Non è difficile capire perché Mark Guiliana sia diventato un punto di riferimento per una generazione di musicisti che cerca di espandere i confini del suono. Con una carriera che lo ha visto collaborare con nomi come St. Vincent, Meshell Ndegeocello, M83 e Matt Cameron, e con un posto d’onore accanto a David Bowie in quel suo ultimo tassello cupissimo che è stato ‘Blackstar’, Guiliana incarna una figura d’artista capace di muoversi trasversalmente tra i generi senza mai perdere coerenza. Il suo tocco – chirurgico e lirico al tempo stesso – riesce a comunicare anche quando tutto intorno tace.
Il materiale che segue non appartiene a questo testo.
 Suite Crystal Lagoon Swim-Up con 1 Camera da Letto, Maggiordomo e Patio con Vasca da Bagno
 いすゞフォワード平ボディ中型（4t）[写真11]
Al Monk, questa capacità si è manifestata in modo quasi disarmante. Nei momenti in cui lasciava che una pletora di percussioni disparate tenesse il battito, lui si spostava al piano, cercando accordi che sembravano nascere da un’urgenza intima, personale. In altri istanti, il set si popolava di loop vocali, battiti distorti, armonie liquide: un collage di suggestioni dove il confine tra improvvisazione e composizione risultava sfumato, forse irrilevante. Il pubblico, attento e assorto, ha seguito ogni deviazione, ogni implosione, come ipnotizzato da una narrazione che procedeva per intuizioni più che per temi, fino a partecipare attivamente durante l’esibizione dell’ultimo brano in scaletta, quando il nostro italoamericano ha distribuito sonagli (!) di ogni tipo tra la folla, per poi dirigerla a suo modo mentre si dimenava suonando tra le tastiere e la batteria.
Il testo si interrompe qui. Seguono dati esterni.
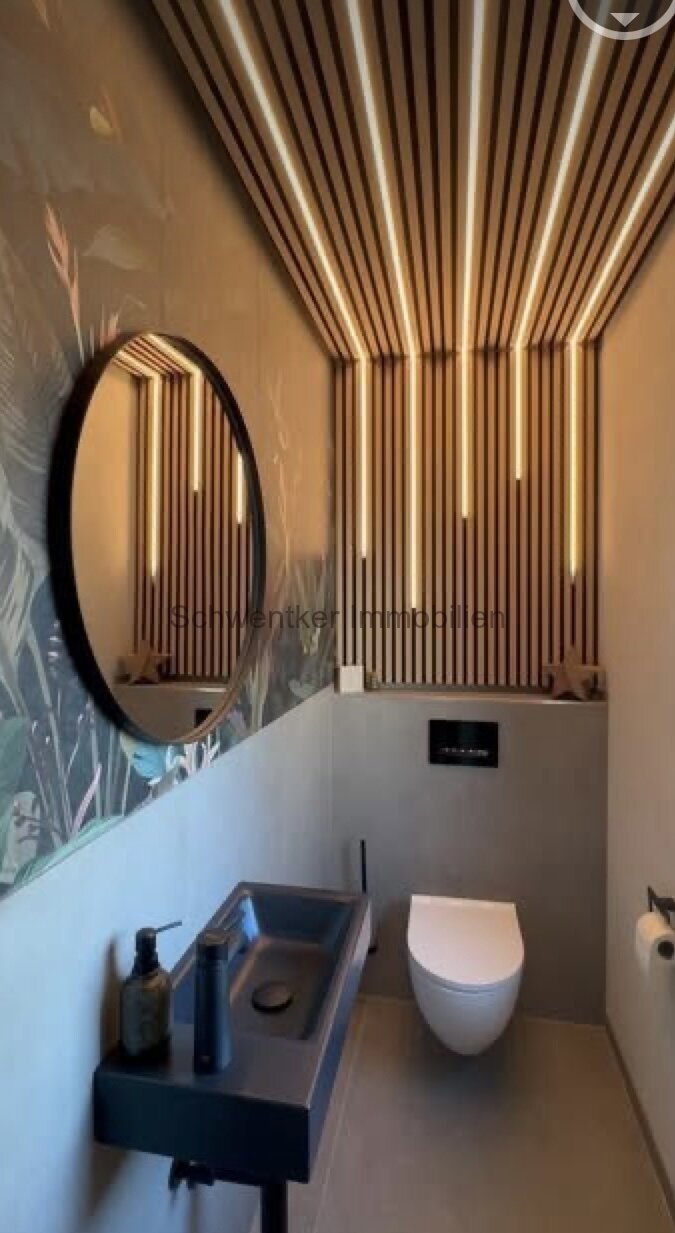 Stadtvilla 151 qm mit Grundstück / monatl. Finanzierungsrate 1.896,-- incl. Fördermittel  / Einbauküche / PV- Anlage / FB / WP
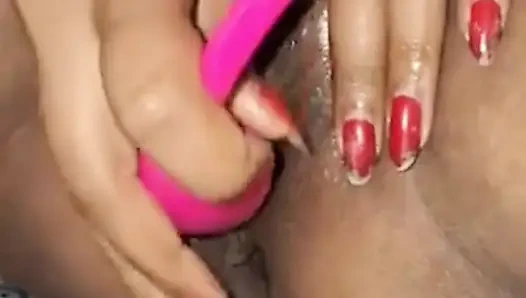 Фигуристая жена играет с киской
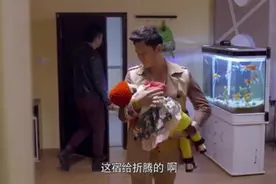 李晨老婆不在，看看李晨是怎样带孩子的，可怜的小女孩住院了！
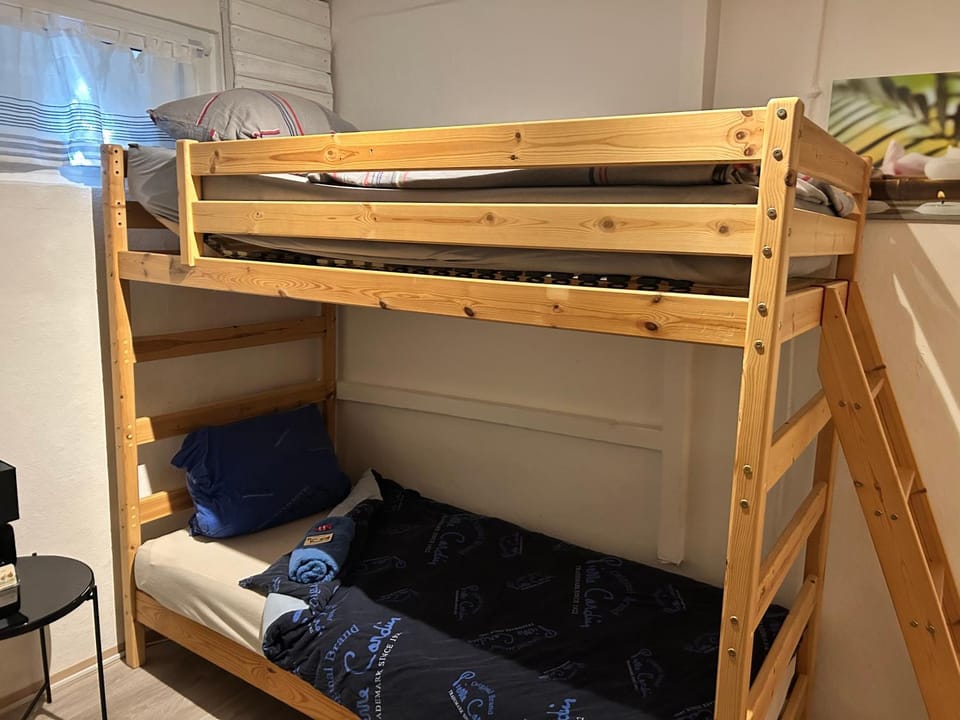 Bed, Photo of the whole room, Bedroom, bunk bed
Rispetto ai suoi precedenti lavori su Edition Records – ‘The Sound of Listening’ e ‘Mischief’ – ‘MARK’ segna una svolta decisa verso l’esplorazione individuale: se prima l’interazione con gli altri musicisti era la miccia per innescare il flusso creativo, ora il musicista si erge a compositore sui generis, confrontandosi con la solitudine come spazio creativo. E in quel vuoto trova nuova materia da modellare: il silenzio tra due colpi di rullante, l’attesa che precede un crescendo, l’eco digitale di un sample che svanisce.
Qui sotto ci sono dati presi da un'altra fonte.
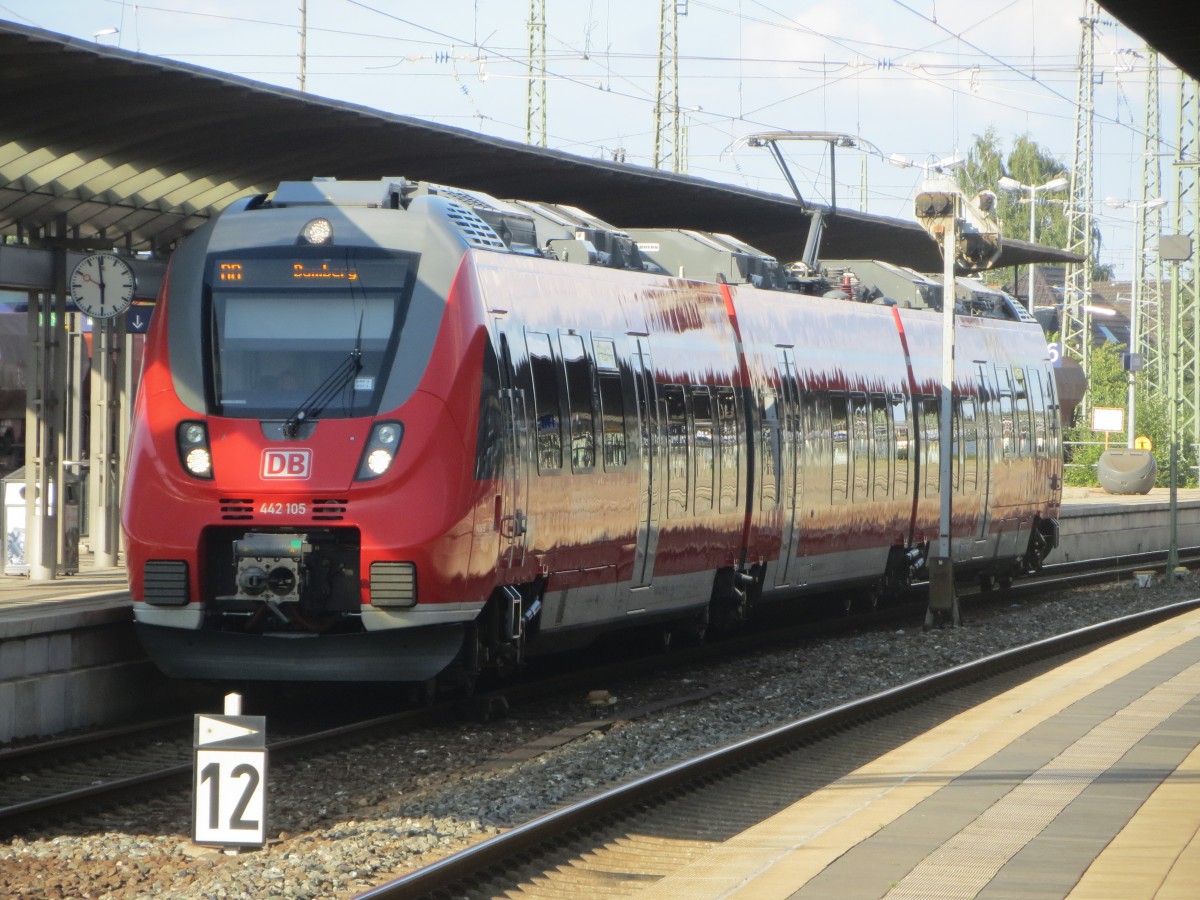 442 105 am 15. August 2013 im Bahnhof Lichtenfels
Nonostante la complessità del materiale proposto, la performance non è mai diventata sterile o autoreferenziale. Al contrario, c’era una sincerità palpabile in ogni gesto, una trasparenza che raramente si associa a un livello tecnico così elevato, non esibisce la sua bravura, anzi, la mette al servizio di un racconto che non ha bisogno di parole. È questo equilibrio tra umanità e rigore che rende il suo approccio così unico.
Alla fine del concerto, nessun bis ma un saluto sentito e il giocoso dispiacere nel non poter comunicare in italiano, “perché mio padre non me lo ha mai insegnato”. Solo applausi lunghi e sentiti, come un ringraziamento per aver condiviso qualcosa di raro. Mark Guiliana, solo sul palco ma circondato da un’intera costellazione di voci, suoni e intuizioni, ha dimostrato ancora una volta di essere molto più di un batterista. È un esploratore del presente e come detto un vero scultore del ritmo, un autore di visioni. E Roma, per una sera, è stata testimone di questo passaggio.